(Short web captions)

--- START ---

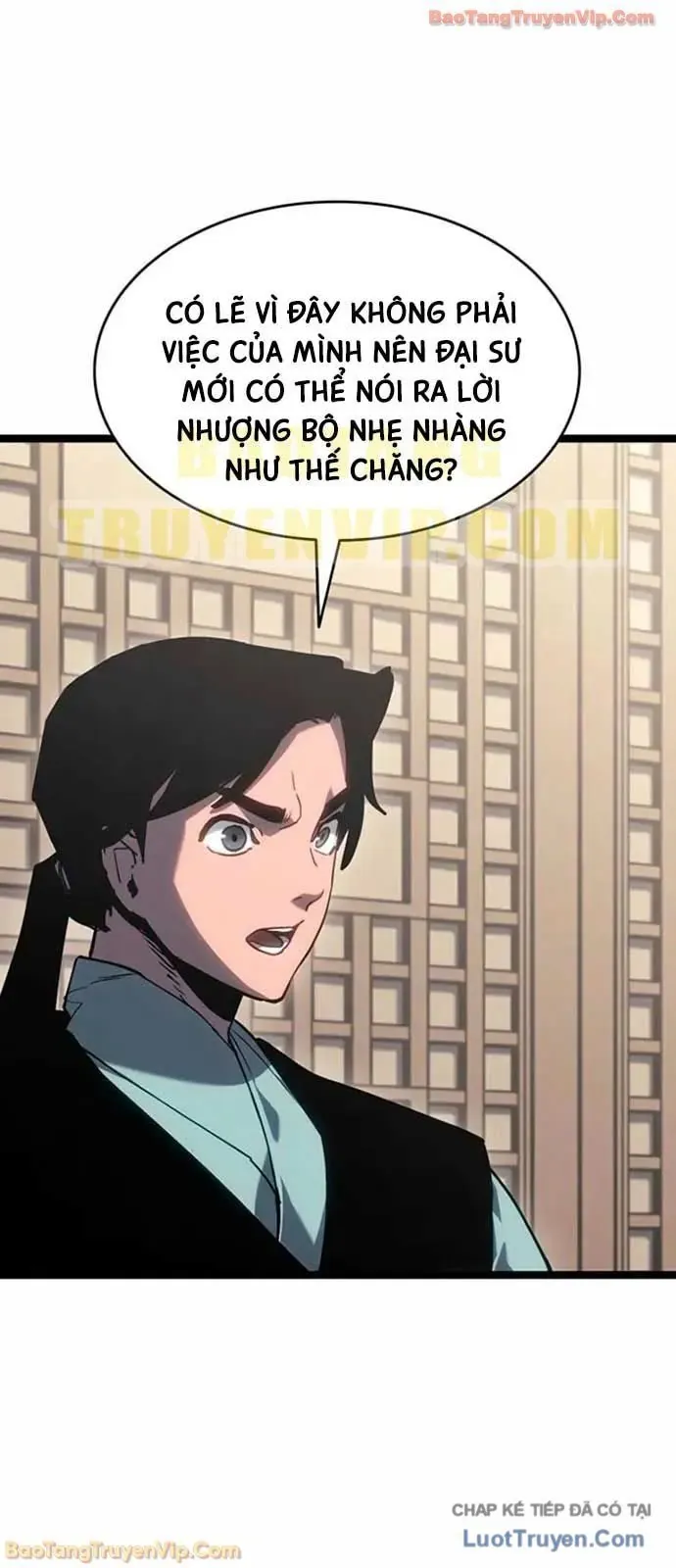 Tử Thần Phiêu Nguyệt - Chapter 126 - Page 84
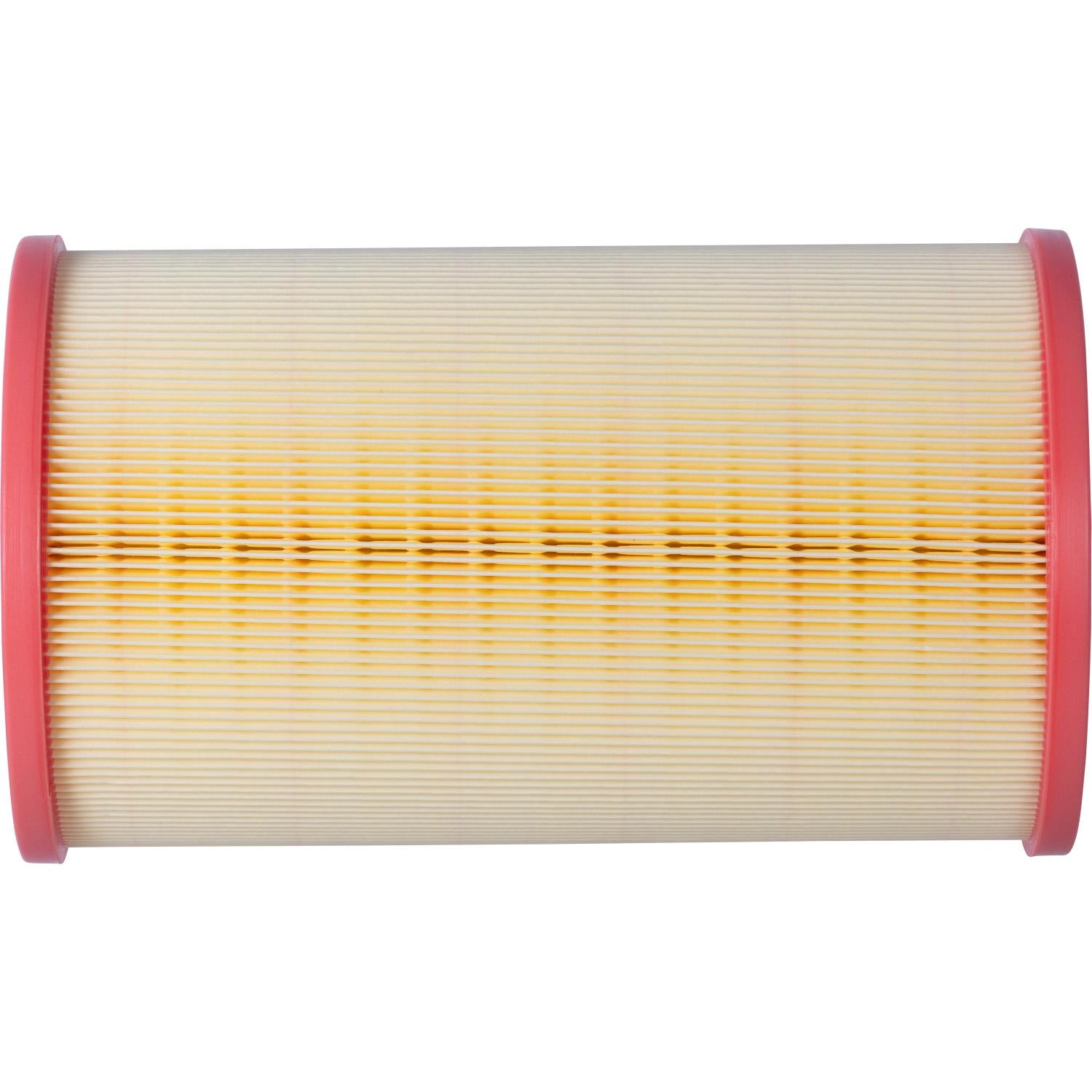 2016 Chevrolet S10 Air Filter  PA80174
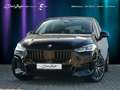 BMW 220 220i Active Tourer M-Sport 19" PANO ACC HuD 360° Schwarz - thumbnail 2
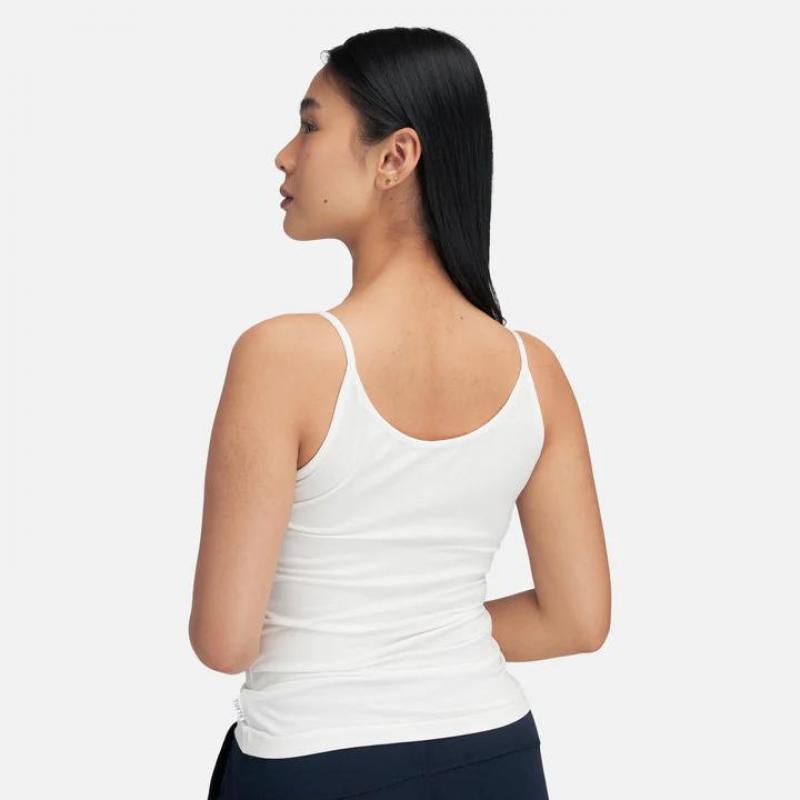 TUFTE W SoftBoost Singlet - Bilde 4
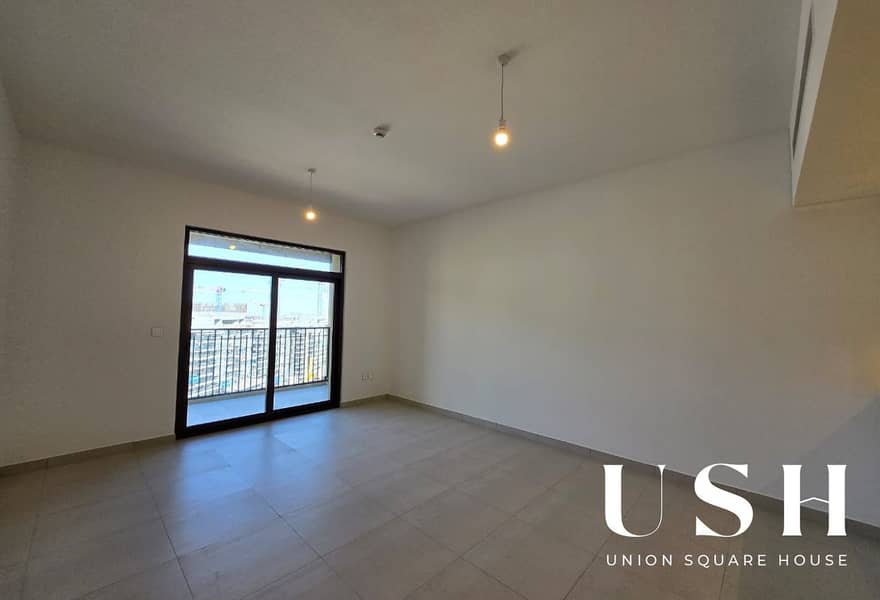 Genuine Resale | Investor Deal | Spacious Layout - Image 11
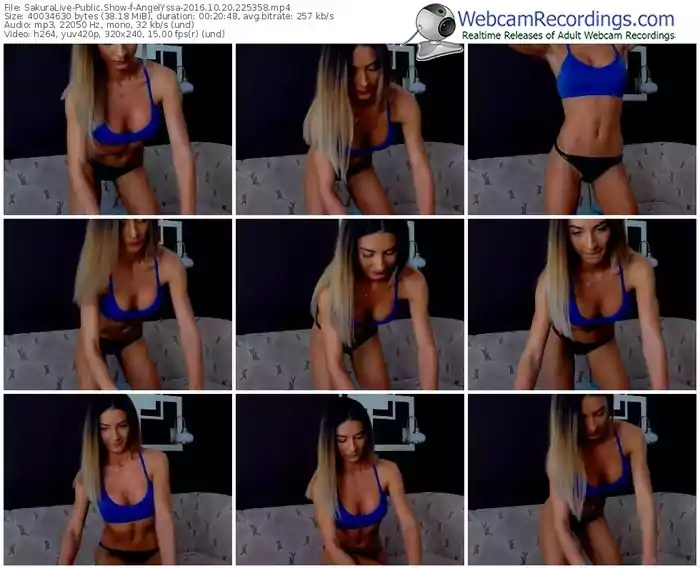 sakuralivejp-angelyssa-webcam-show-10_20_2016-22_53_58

--- END ---

Would you reproduce the lines from the one with "Genuine Resale |" through the final line of the data above, exactly and only those, without any pictures?

 Genuine Resale | Investor Deal | Spacious Layout - Image 11
 sakuralivejp-angelyssa-webcam-show-10_20_2016-22_53_58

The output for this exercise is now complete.